L’art de «frustrer» des électrons

Avner Fitterman

Avner Fitterman

Imaginons qu’un électron agit telle une minuscule boussole qui pointe vers le haut ou vers le bas. Dans les aimants classiques, les spins des électrons sont tous orientés dans la même direction – vers le haut ou vers le bas –, ce qui correspond à une phase ferromagnétique. C’est cette phase qui, à titre d’illustration, permet à un aimant de faire tenir une photo sur le réfrigérateur à la maison.

Or, dans les liquides de spins quantiques, les électrons sont situés sur une maille triangulaire et forment un ménage à trois caractérisé par des turbulences intenses qui interfèrent avec l’ordre magnétique. Il s’agit alors d’une fonction d’onde intriquée sans ordre magnétique.

«En introduisant un troisième électron, les spins des électrons ne parviennent pas à s’aligner, puisque ses deux voisins doivent avoir une orientation toujours opposée, ce qui crée une “frustration magnétique”, explique Andrea Bianchi. Cette frustration magnétique entraîne des excitations qui maintiennent le désordre des spins, permettant ainsi la conservation de cet état liquide, même à très basse température.»

Comment introduire un troisième électron qui cause cette frustration?

Créer un triangle non amoureux!

Jérémi Dudemaine

Jérémi Dudemaine

C’est ici qu’entre en jeu l’aimant frustré Ce2Zr2O7 conçu dans le laboratoire d’Andrea Bianchi.

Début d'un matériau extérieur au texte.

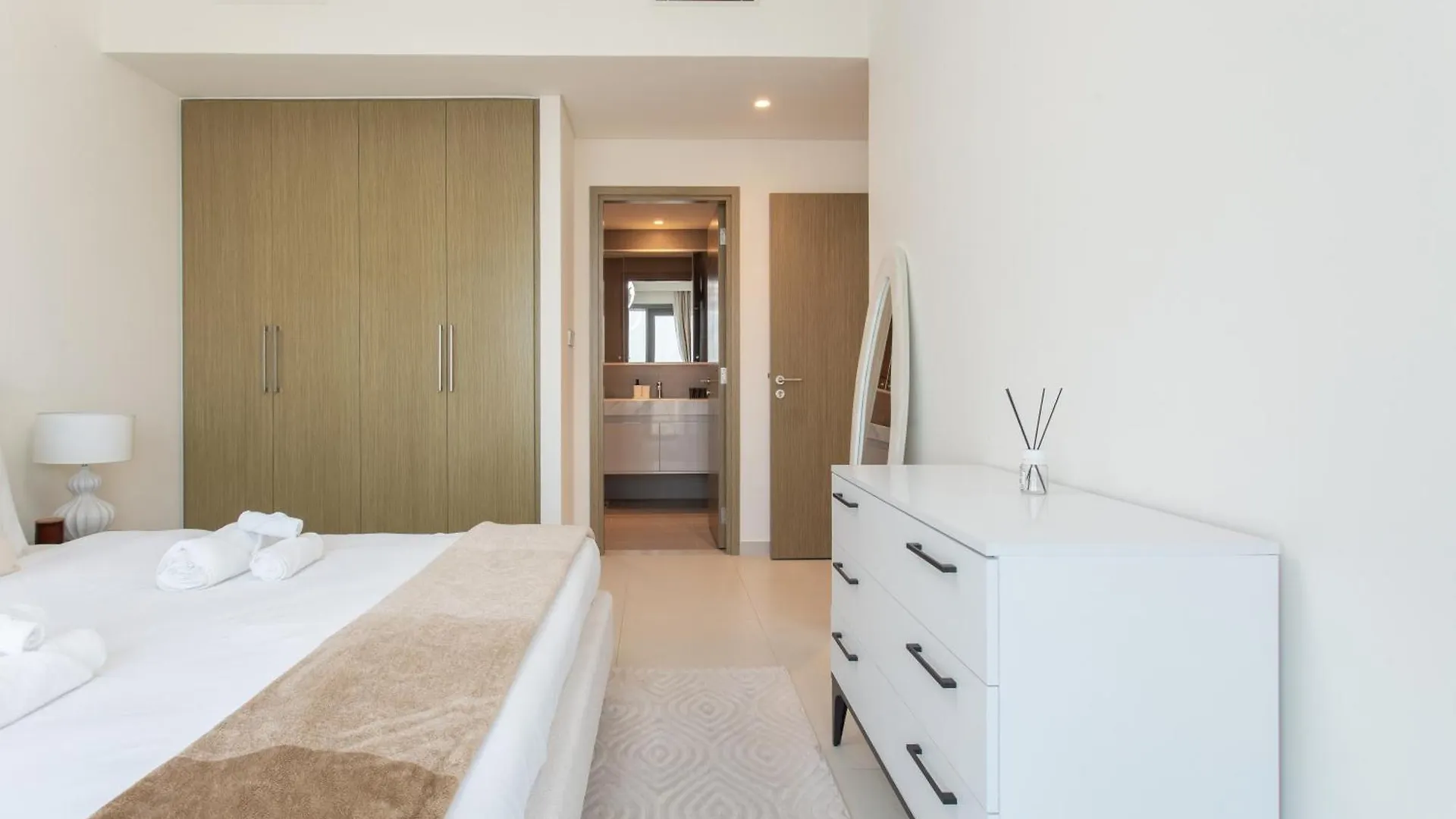 Apartment Prime Downtown Location 2Br Apt Burj Royale Dubai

Parmi les nombreuses expertises qu’il possède dans la caractérisation des matériaux de pointe comme les supraconducteurs, le professeur est passé maître dans l’art de «frustrer les aimants»!

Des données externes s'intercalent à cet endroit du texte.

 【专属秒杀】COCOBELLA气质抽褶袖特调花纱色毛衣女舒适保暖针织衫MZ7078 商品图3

Il a ainsi jeté son dévolu sur cet aimant à base de cérium. «Ce matériau existait déjà, mais nous sommes parvenus à concevoir une formule d’une pureté jamais égalée, à partir d’échantillons fondus dans un four optique qui permet de créer un arrangement triangulaire quasi parfait des atomes et d’en vérifier l’état quantique par la suite», raconte celui qui est cochercheur au Regroupement québécois sur les matériaux de pointe.

C’est à travers cet arrangement triangulaire qu’il est possible d’obtenir une frustration magnétique, comme dans l’aimant frustré qu’est le Ce2Zr2O7.

Puis, en collaboration avec des chercheurs des universités McMaster et d’État du Colorado, ainsi que du Laboratoire national de Los Alamos et de l’Institut Max Planck de physique des systèmes complexes à Dresde, en Allemagne, les chercheurs ont effectué des mesures de diffusion magnétique.

«Nos mesures montraient une fonction chevauchée des particules, donc une absence de pics de Bragg, ce qui représente une signature claire de l’absence d’un ordre magnétique classique, poursuit M. Bianchi. Nous avons aussi observé une distribution des spins dont l’orientation fluctue constamment, ce qui est caractéristique d’un liquide de spin ou de frustration magnétique. Cette observation indique que le matériau que nous avons créé se comporte comme un véritable liquide de spin à basse température.»

Un rêve devenu réalité

Grâce aux mesures de simulation numériques qui ont appuyé cette observation, l’équipe de chercheurs a pu conclure qu’elle avait mis au jour un nouvel état quantique.

«Découvrir un nouvel état quantique de la matière est le rêve de tous les physiciens et physiciennes, conclut Andrea Bianchi. Notre matériau est révolutionnaire, car nous étions les premiers à démontrer qu’il présente bel et bien un liquide de spin et cette découverte pourrait ouvrir la porte à de nouvelles approches pour concevoir des ordinateurs quantiques.»

Les aimants frustrés, en bref

Un échantillon de l’aimant frustré à base de cérium, le Ce2Zr2O7, conçu dans le laboratoire d’Andrea Bianchi.

Le magnétisme est un phénomène collectif où les spins dans un matériau prennent tous la même orientation. L’exemple le plus connu est le ferroaimant, dans lequel tous les spins ont la même direction et le matériau présente une aimantation. À l’inverse, on aligne les spins de façon que la direction avec chaque voisin soit changée: tous les spins ont encore une direction bien définie, mais l’aimantation est nulle. Or, en créant un réseau triangulaire de particules, on tire avantage du fait que les trois voisins veulent orienter leur spin dans une direction opposée: comme ils ne peuvent plus décider de leur orientation selon un arrangement commun, on crée alors un aimant frustré.